* _Exercise materials_:
※

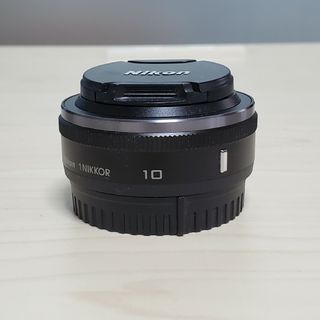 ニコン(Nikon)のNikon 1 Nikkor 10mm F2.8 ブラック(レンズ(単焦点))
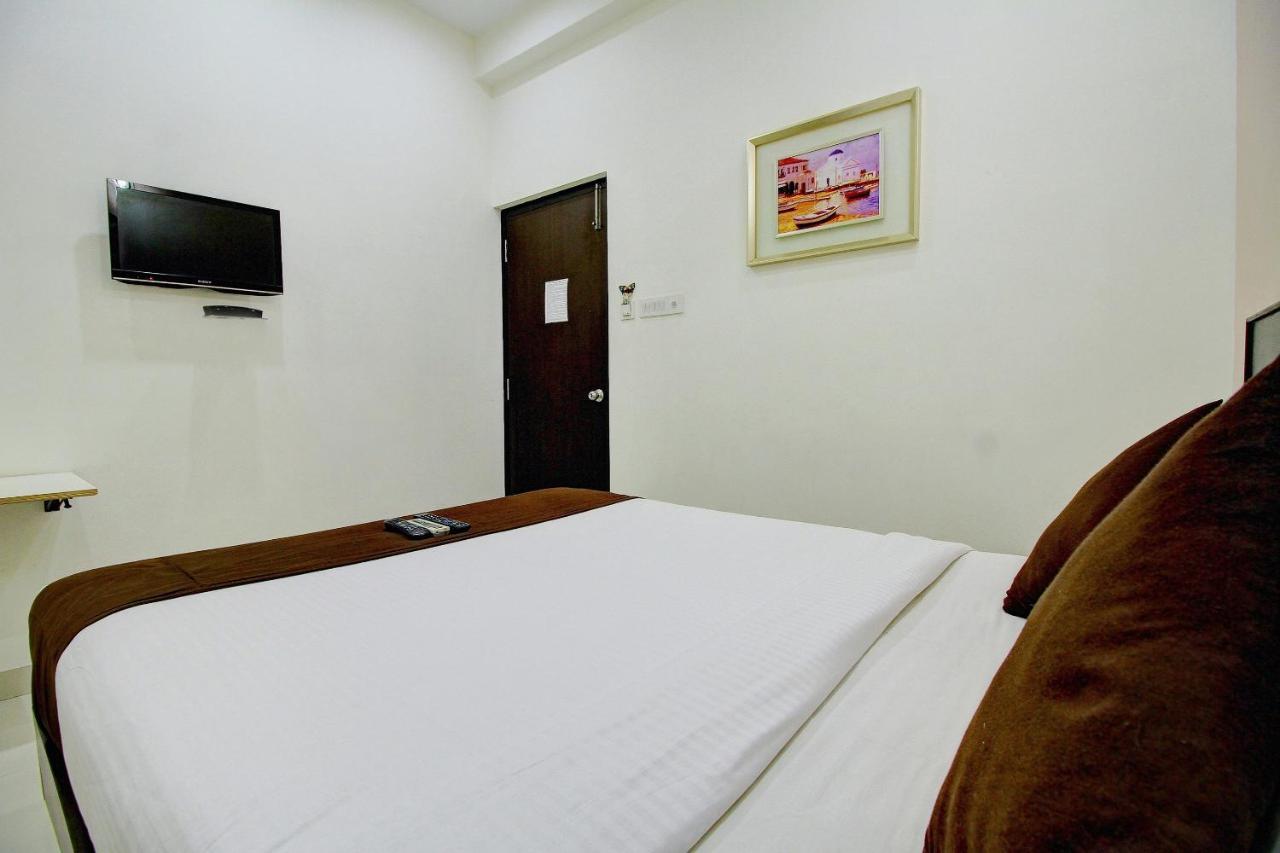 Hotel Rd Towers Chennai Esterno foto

※

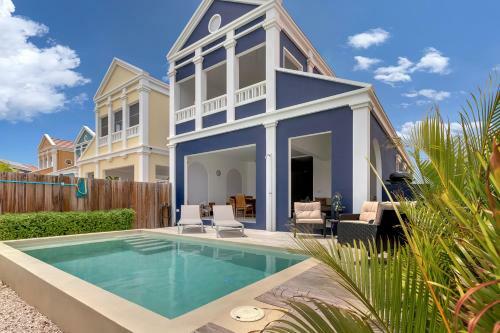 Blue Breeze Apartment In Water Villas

※

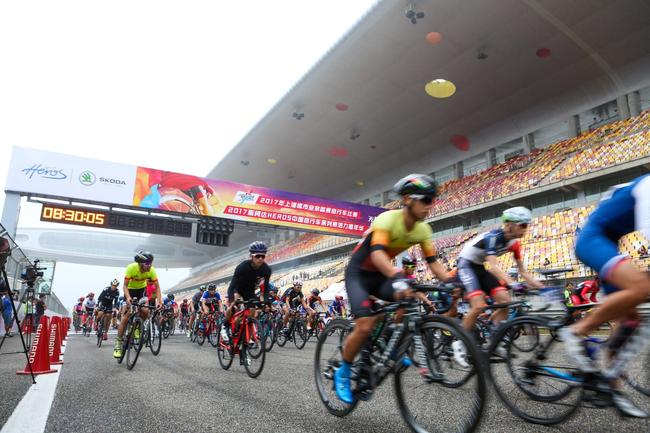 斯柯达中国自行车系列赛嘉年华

※

* _Assignment_: Among the entries above, take the lines from the one with "ニコン(Nikon)のNikon 1 Nikkor" through the one with "Hotel Rd Towers Chennai Esterno foto" and retype them exactly, leaving out the pictures.

* _Response to the task_:
 ニコン(Nikon)のNikon 1 Nikkor 10mm F2.8 ブラック(レンズ(単焦点))
 Hotel Rd Towers Chennai Esterno foto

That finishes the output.